Place each answer inside the code chunk (grey box). The code chunks should contain a text response or a code that completes/answers the question or activity requested. Make sure to include plots if the question requests them. Problems are labeled Easy (E), Medium (M), and Hard(H).
Finally, upon completion, name your final output .html file as: YourName_ANLY505-Year-Semester.html and publish the assignment to your R Pubs account and submit the link to Canvas. Each question is worth 5 points.
12E1. What is the difference between an ordered categorical variable and an unordered one? Define and then give an example of each.
# Ordered categorical variables are those which are expressed on ordinal scales. These are variables which establish a pre-defined number of distinct outcomes. These values/categories of these variables can be ordered meaningfully from one extreme to the another without implying equal distances between the values. For example, think of animal weight. We may have measured these in grams, but now want to model simply whether that animal are light, medium or heavy-weights. This is an ordered categorical variable because we know how they can be ordered from one extreme to another, but we don’t assume that an animal has to become heavier by the same margin to classify as medium-weight instead of light-weight than to classify as heavy-weight instead of medium-weight.
#Unordered categorical variables are much like their ordered counterpart, but come with an important distinction, we cannot order these in any meaningful way. For example think of a bird and their colouration patterns. We may want to record them as overall black, brown, or grey. These are categories, but we certainly cannot order these from one extreme to another.
12E2. What kind of link function does an ordered logistic regression employ? How does it differ from an ordinary logit link?
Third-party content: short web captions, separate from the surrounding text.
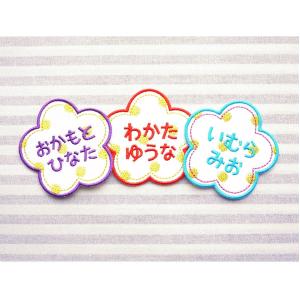 SAKURA さくら 桜の木 アイロン接着のお名前ネームワッペン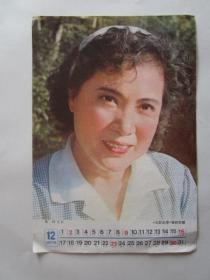 1979年12月月历——演员秦怡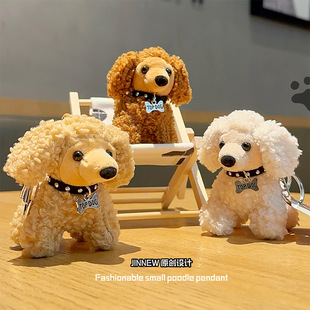 �¿�W�t�F�e���ë�q���пɐ�С��ץ�C�������նY����żë�q���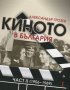 Киното в България част 2: 1956-1969, снимка 1 - Специализирана литература - 28646865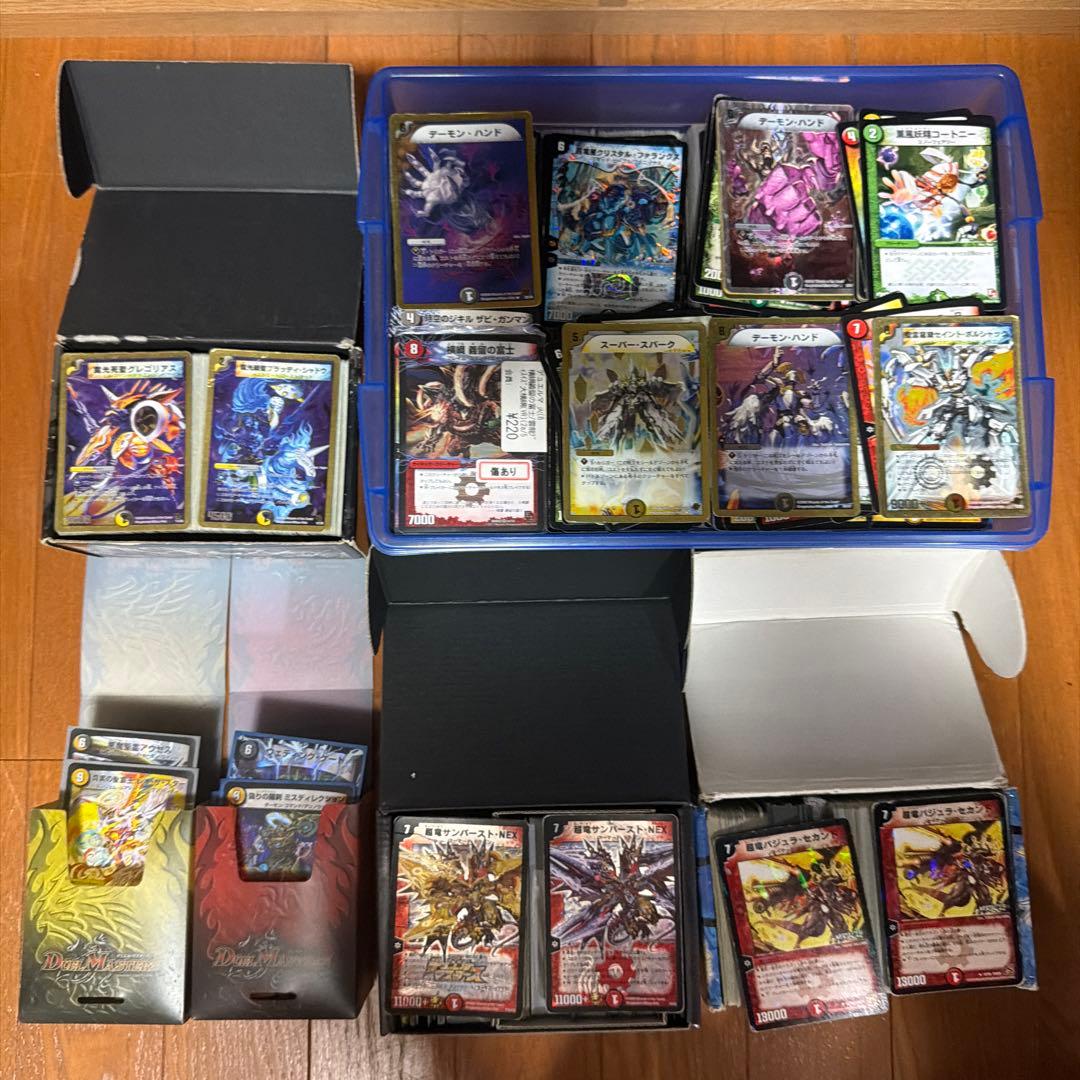 デュエルマスターズカードセット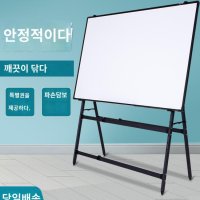 이동식 화이트보드 스탠드 대형 칠판 보드판 자석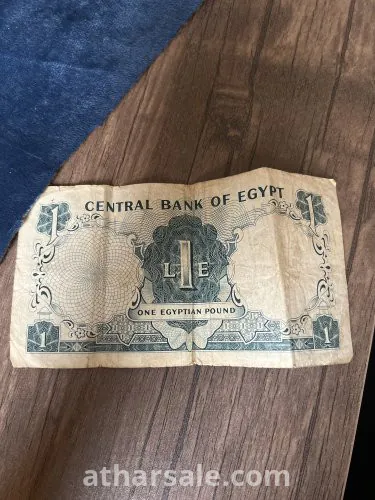 جنيه مصري قديم اخضر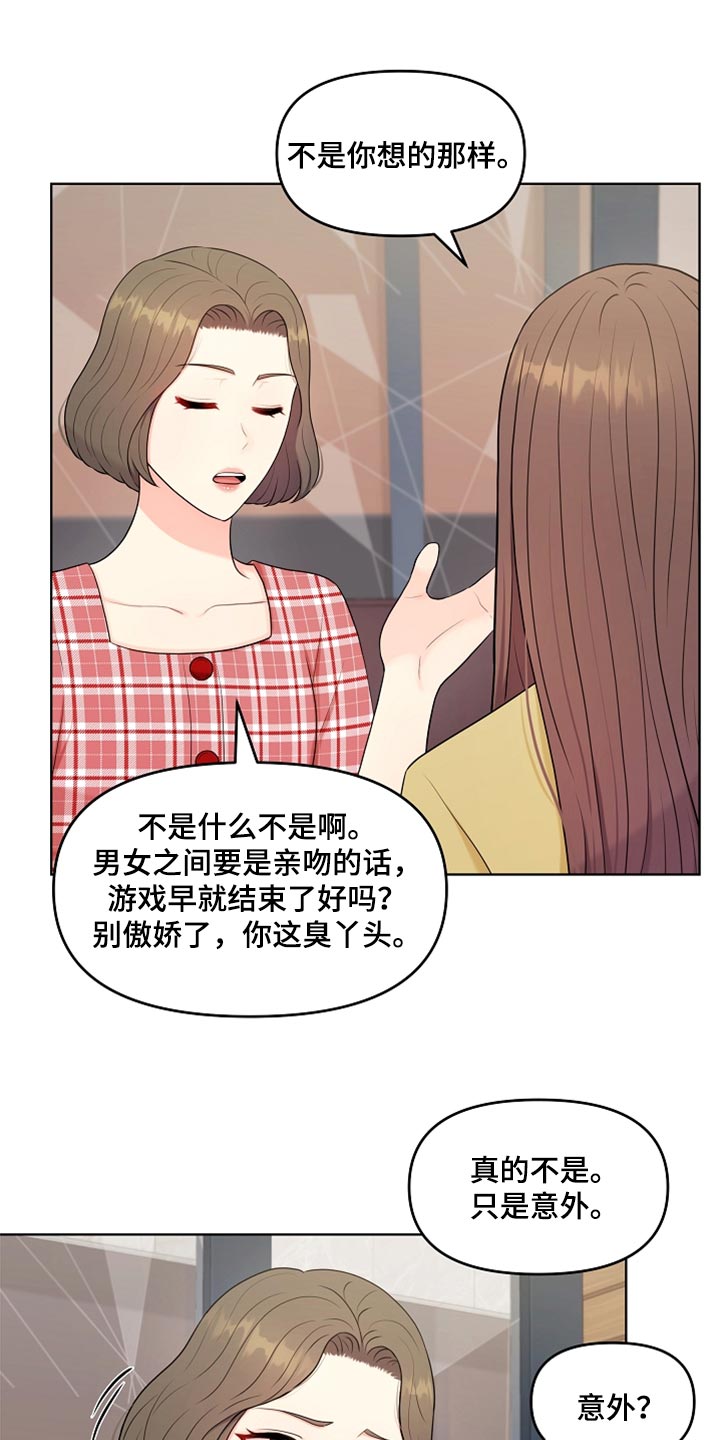 利益联结机制不到位漫画,第31章：生气2图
# Ordered logistic regression employs cumulative log-adds, which provides the odds of the value or smaller values. The ordinary logit link provides the odds of a particular value.
12E3. When count data are zero-inflated, using a model that ignores zero-inflation will tend to induce which kind of inferential error?
# Ignoring zero-inflation is excluding the zero-inflation data resulting in underestimation of rate of events, as zero-inflation data still effects the overall mean.
12E4. Over-dispersion is common in count data. Give an example of a natural process that might produce over-dispersed counts. Can you also give an example of a process that might produce underdispersed counts?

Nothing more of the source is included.